Grant’s Tomb is famous because someone’s buried there, though I can never remember who. Also, if you’re a New York City cyclist, it’s equally if not more famous for being the venue for the Grant’s Tomb Criterium. Here’s the Milwaukee at Grant’s Tomb when my son raced it there a few years back:

I was annoyed that the detour was forcing me leave the greenway and do battle with traffic, but when I got to Riverside Drive I was surprised to discover there was no traffic:

So were the smuggies right after all? Is this congestion pricing at work?
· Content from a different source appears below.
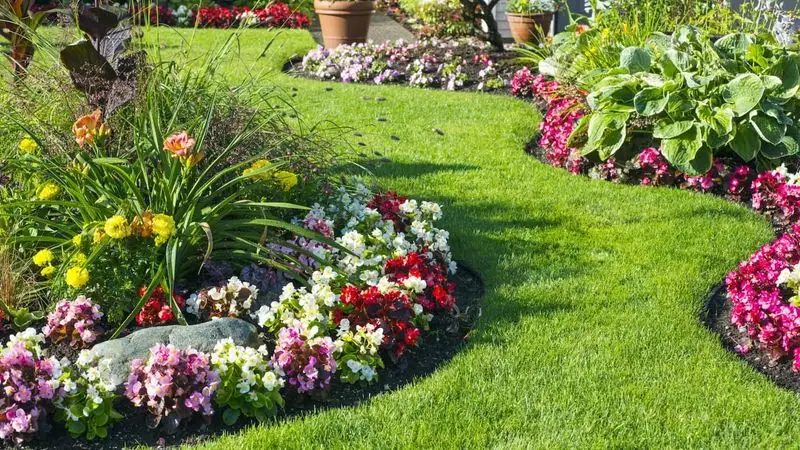 Uniform Flower Beds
Could it be that between all the outsiders who don’t want to pay the toll and the locals who won’t leave their parking spaces unless you put a gun to their heads, nobody’s driving and something resembling order has been imparted upon the streets of Manhattan?
I dunno, but Lower Manhattan was also noticeably calmer than it was the last time I commuted to Brooklyn by bike:

That bike lane was always blocked by traffic, and now there was no traffic.
Eerie.
I mean it’s not like there weren’t any cars, but a higher proportion of them were hanging off of hooks:

See?

And yes, I looked up the plate:

Holy crap! 23 tickets in 2025 alone and we’re not even halfway through March?!? That’s one ticket every three days:

Well done.
Returning home that evening I had a head start on nightfall thanks to the time change:

But by the time I reached the greenway the sun was retreating behind New Jersey:

And as I drew closer to home darkness fell and it was just me and the eerie phosphorescent glow of the odd e-bike:

As for me, I was equipped both to see:

And to be seen:

For I know that in the span of about an hour riding the length of Manhattan at nightfall takes you from this…

…to this:

The Henry Hudson Bridge bike path entrance on the Manhattan side is so remote that it feels almost illicit, and after carrying the Homer across the footbridge over the railroad tracks and climbing that steep, dark trail through the woods I was horrified to find that the path was closed:

Until I remembered that was the entrance to the old path and that the new one was open for business:

In all it was an enjoyable commute, but at a t20-to-40-ish minute premium over the train each way it’s not one I can always afford.